TASK BRIEF
Write the data out again exactly, with every picture removed.

DATA SHOWN

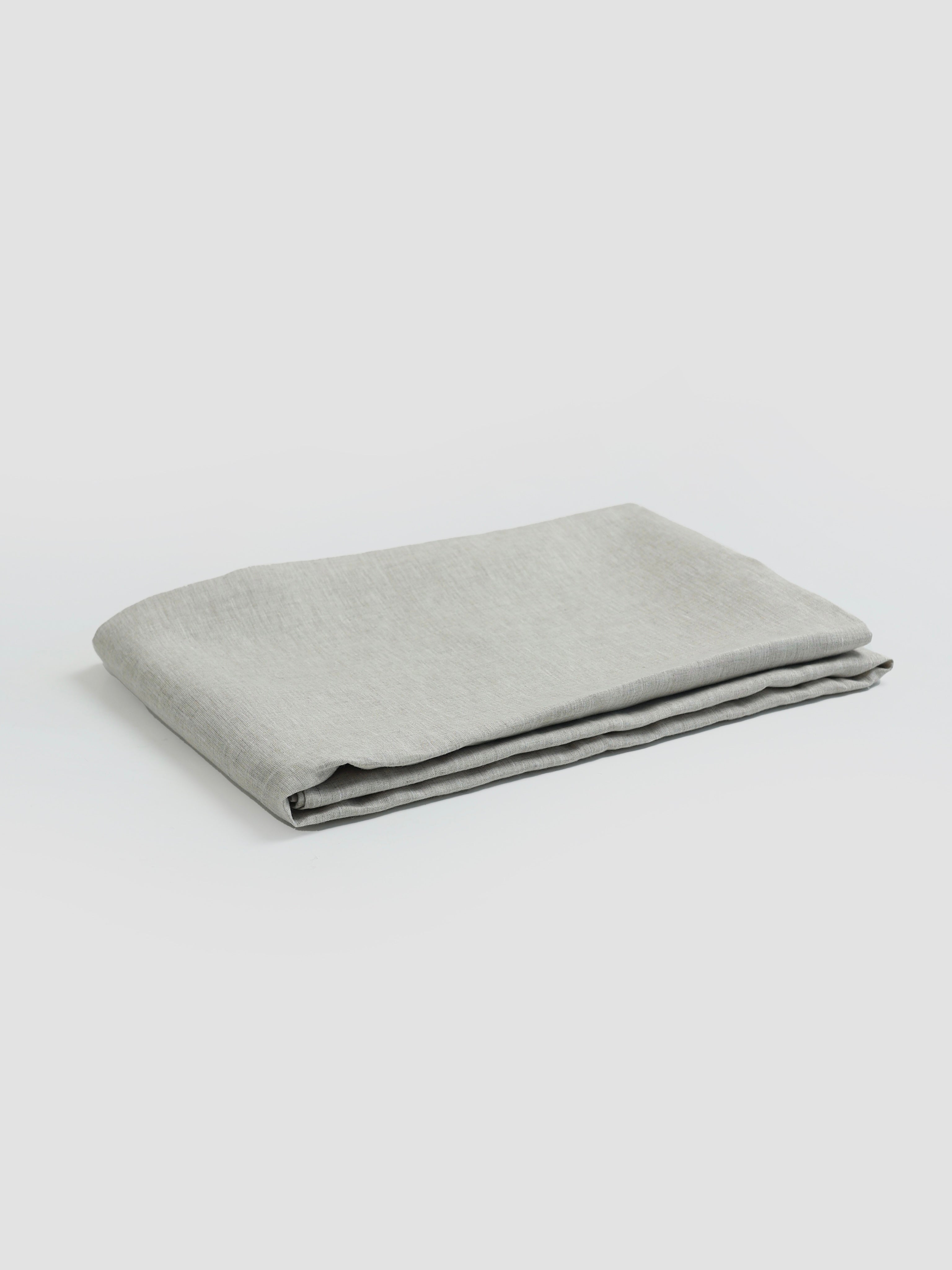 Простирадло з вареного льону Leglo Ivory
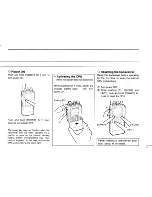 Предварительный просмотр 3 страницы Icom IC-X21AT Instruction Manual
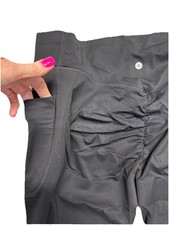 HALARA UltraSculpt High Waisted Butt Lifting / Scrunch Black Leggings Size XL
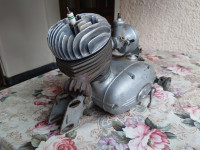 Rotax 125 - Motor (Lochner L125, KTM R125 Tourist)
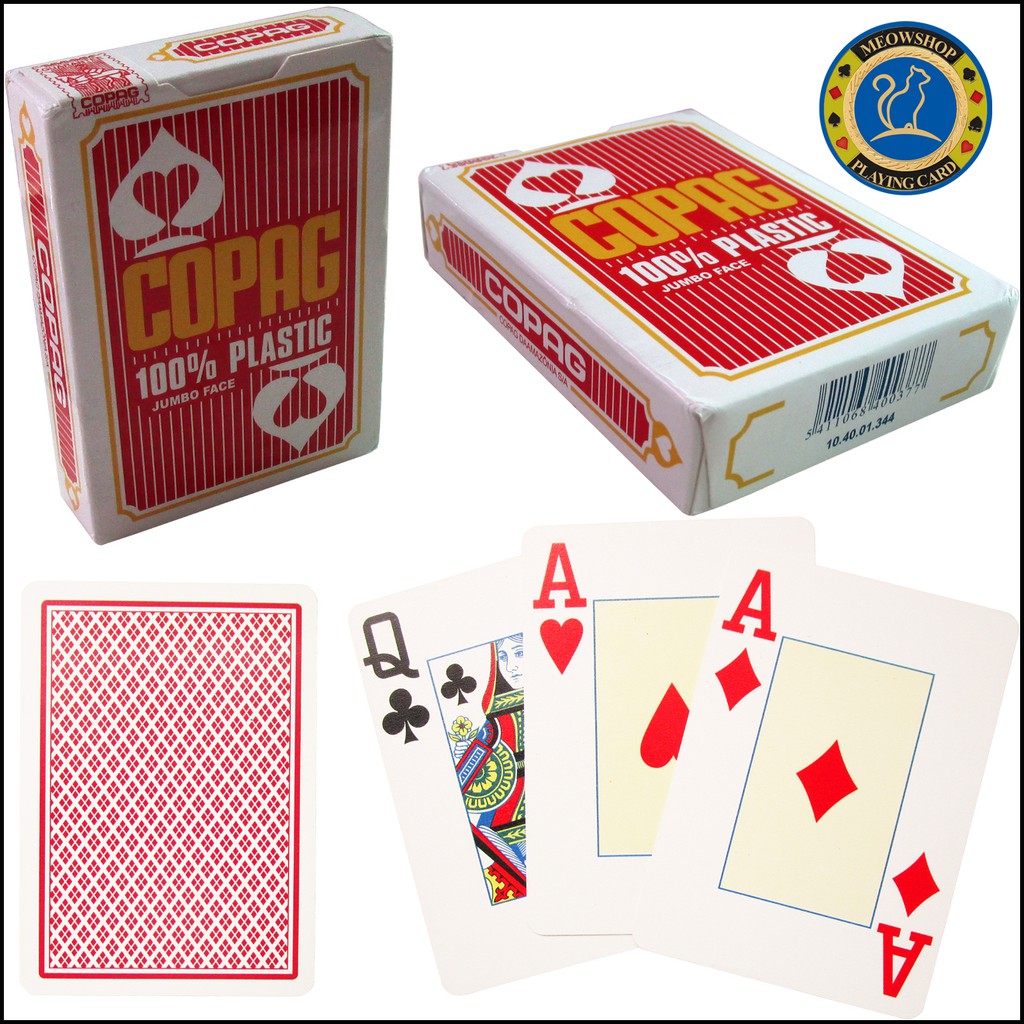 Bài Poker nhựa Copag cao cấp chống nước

ANSWER TO THIS PROBLEM
 Простирадло з вареного льону Leglo Ivory
 Предварительный просмотр 3 страницы Icom IC-X21AT Instruction Manual
 HALARA UltraSculpt High Waisted Butt Lifting / Scrunch Black Leggings Size XL
 Rotax 125 - Motor (Lochner L125, KTM R125 Tourist)
 Bài Poker nhựa Copag cao cấp chống nước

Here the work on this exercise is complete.